Even in partnerships, simplicity is the most important factor when weighing up collaborations with other companies, according to an IDC survey published in May. In the report, 91% of the partners rated ‘ease of doing business as the top attribute when they are considering partnering, rating it comfortably above ‘market/customer demand’ at 80%. Everyone likes ease. 


Ease, Simplicity and the Data Clean Room

Today, data clean rooms are garnering more attention as a solution to deliver a better, privacy-safe and more sustainable approach to data-driven targeting that’s also mindful of consumers’ needs. And once again, the virtues of ease and simplicity are among the critical considerations.  These data safe houses focus on enabling collaboration between partners on the basis of audience or customer data. They offer neutral, privacy-compliant environments where brands, publishers, and agencies can safely and securely store, share and connect with audiences without exposing customer information. 


Whether they are used to extract audience insights for planning or measurement or to allow direct data activation for campaign targeting, they are a real option for powering tomorrow’s advertising. 


Unite, Not Constrain 

Collaboration is at the heart of a data clean room, and as we have already said, successful partnerships hinge on their ease of use. The technology must allow seamless cooperation in a frictionless manner. 


Interoperability is critical, so partners are not forced to adopt the same external data platform to participate. The technology should unite, not constrain.

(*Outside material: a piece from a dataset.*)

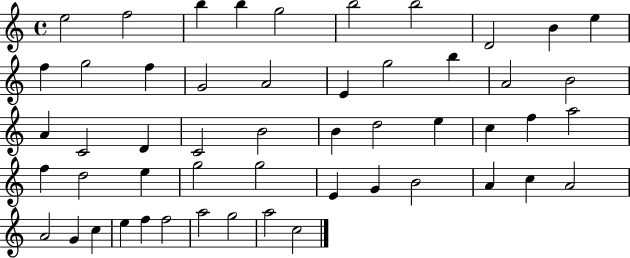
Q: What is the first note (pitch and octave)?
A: E5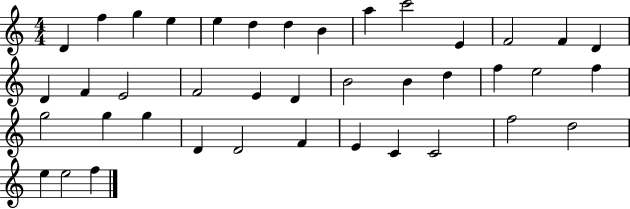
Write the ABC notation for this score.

Forcing one partner to take on a new platform when businesses are looking to rationalize tech stacks injects complexity and introduces an element of inequality in the partnership, which can, in turn, stifle the relationship.   

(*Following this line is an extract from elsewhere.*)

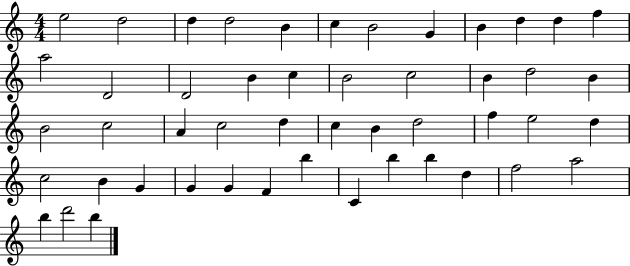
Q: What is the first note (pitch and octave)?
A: E5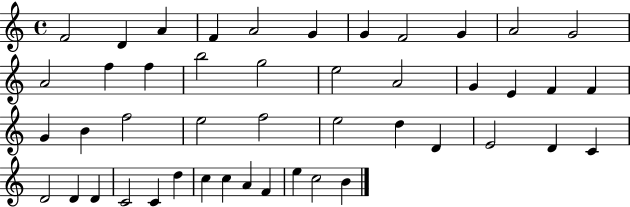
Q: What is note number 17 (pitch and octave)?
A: E5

Ease of use must also mean a low-tech environment that any team can adopt without the need for specialist expertise or IT involvement. With resources stretched in many businesses, engaging internal support stifles the ability to get up and running quickly and deliver profitable partnerships. 


Ultimately, data clean room technology must be an enabler that removes complexity. It should make the whole process simple and quick, literally at the click of a button, from allowing a partner into a room to onboarding data from any platform and activating it in the manner required by the brand, be that via its DSP or through an ad server. This then frees up teams to focus on what is critical for their businesses — applying this data to deliver effective marketing campaigns. 


New Environments Need New Solutions

In many respects, the data clean room challenge reflects what Clayton Christensen discusses in The Innovator’s Dilemma — the challenge at hand should not be a technological one but a marketing one. By empowering the marketing team with the technology, they must then work out how best to take advantage of it to benefit their partners and the business. 


As this new era of advertising ushers in new rules of engagement, success hinges on having new tools to deliver impactful, compliant and consumer-centric messaging. In an industry rife with solutions to address advertising’s problems, ease of use is becoming an ever more important differentiator. And while some commentators are championing old approaches to tackling today’s issues, the industry can only move forward by embracing and incorporating innovative solutions such as data clean rooms.


Far from simply being a replacement for third-party cookies, data clean room innovation represents a new and better approach to advertising. It delivers what the industry needs — more control, more impactful campaigns, improved customer engagement and increased collaboration — but in a privacy-preserving manner that protects consumers and helps rebuild their trust in advertising.


Data clean rooms also offer the opportunity for greater equality, cooperation and inclusion across the industry. But success will come to those that not only solve advertising’s needs but do so in a way that is easy to implement. So, to repeat a simple message: if you are exploring data clean rooms, do not underestimate the value of simplicity.